-- Raw data follows --
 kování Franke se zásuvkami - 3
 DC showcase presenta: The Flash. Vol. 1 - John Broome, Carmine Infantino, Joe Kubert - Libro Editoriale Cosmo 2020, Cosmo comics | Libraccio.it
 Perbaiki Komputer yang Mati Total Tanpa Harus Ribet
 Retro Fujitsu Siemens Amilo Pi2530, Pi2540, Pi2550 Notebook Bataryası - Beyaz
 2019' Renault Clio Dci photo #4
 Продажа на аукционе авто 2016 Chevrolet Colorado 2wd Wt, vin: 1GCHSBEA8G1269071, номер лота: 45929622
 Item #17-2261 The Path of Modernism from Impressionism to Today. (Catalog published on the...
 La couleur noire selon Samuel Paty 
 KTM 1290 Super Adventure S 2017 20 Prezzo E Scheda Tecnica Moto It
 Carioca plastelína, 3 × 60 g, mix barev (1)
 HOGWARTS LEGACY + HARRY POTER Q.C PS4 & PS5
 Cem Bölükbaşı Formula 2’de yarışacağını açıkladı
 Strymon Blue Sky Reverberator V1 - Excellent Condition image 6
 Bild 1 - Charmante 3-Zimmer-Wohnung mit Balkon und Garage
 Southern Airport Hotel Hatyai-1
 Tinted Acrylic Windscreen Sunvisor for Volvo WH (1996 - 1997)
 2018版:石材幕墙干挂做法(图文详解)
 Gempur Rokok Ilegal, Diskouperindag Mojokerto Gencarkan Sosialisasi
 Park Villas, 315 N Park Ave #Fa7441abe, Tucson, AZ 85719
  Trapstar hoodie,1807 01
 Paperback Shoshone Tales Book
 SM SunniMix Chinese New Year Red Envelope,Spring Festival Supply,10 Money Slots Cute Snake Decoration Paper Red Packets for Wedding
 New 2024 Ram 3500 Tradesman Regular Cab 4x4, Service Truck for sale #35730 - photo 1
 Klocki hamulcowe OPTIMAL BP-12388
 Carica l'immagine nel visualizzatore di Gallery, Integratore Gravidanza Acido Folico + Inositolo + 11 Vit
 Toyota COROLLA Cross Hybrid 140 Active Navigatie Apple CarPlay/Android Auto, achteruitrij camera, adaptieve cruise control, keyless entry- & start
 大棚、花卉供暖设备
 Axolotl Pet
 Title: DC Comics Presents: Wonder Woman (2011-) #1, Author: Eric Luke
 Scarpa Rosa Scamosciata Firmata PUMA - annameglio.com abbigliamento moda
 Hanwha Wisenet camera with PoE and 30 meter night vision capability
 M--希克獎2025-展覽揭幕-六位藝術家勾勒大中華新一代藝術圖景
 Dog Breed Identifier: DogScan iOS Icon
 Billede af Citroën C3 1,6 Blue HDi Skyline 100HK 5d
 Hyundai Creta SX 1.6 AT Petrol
-- Raw data concluded --
#### [Exercise aim]
Exactly the lines from the one containing "M--希克獎2025-展覽揭幕-六位藝術家勾勒大中華新一代藝術圖景" through the last line of the records are to be transcribed, both endpoints included.

#### [Output for this exercise]
 M--希克獎2025-展覽揭幕-六位藝術家勾勒大中華新一代藝術圖景
 Dog Breed Identifier: DogScan iOS Icon
 Billede af Citroën C3 1,6 Blue HDi Skyline 100HK 5d
 Hyundai Creta SX 1.6 AT Petrol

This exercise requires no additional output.